▸ DESCRIPTION OF THE TASK: Only the lines of the listing below that run from the line with "grey slate cupboards" through the line with "Thumbnail 25 of" are to be set down, word for word. Pictures stay out.
Segment Open
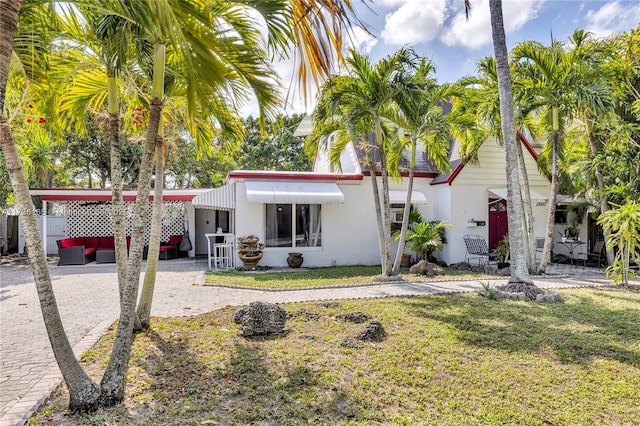 view of front of house with a front yard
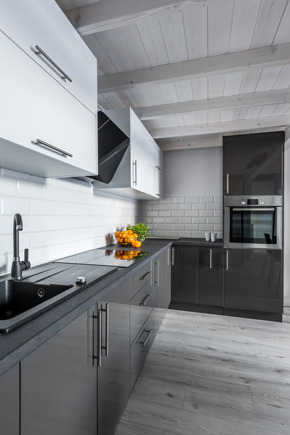 grey slate cupboards in modern kitchen with black chrome sink and oranges in fruit bowl on the side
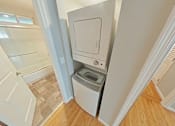 Thumbnail 25 of 47 - A white washing machine is in a small laundry room.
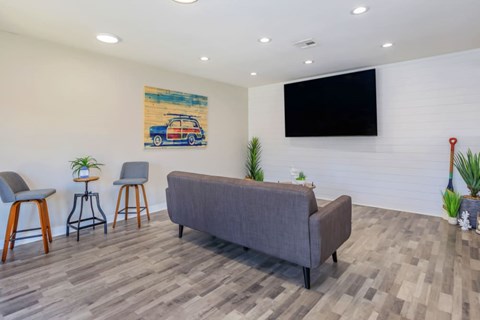 A living room with a grey couch, two chairs, a bar stool, a plant, and a painting on the wall.
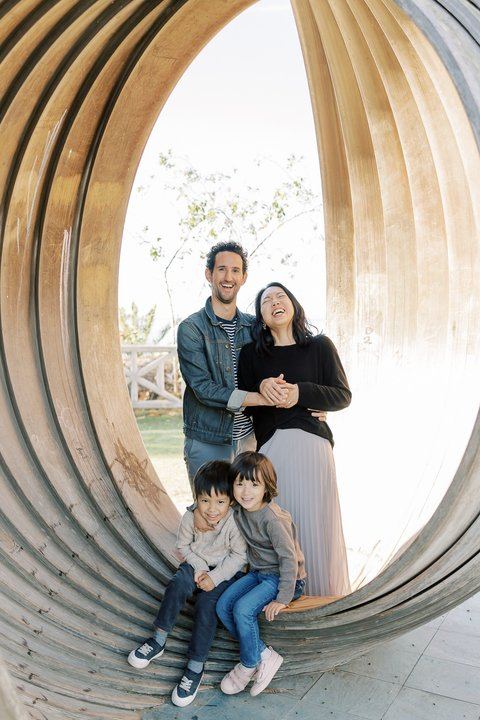 Family inside a curved sculpture in Palisades Park, Santa Monica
Segment Closed
▸ TASK RESULT:
 grey slate cupboards in modern kitchen with black chrome sink and oranges in fruit bowl on the side
 Thumbnail 25 of 47 - A white washing machine is in a small laundry room.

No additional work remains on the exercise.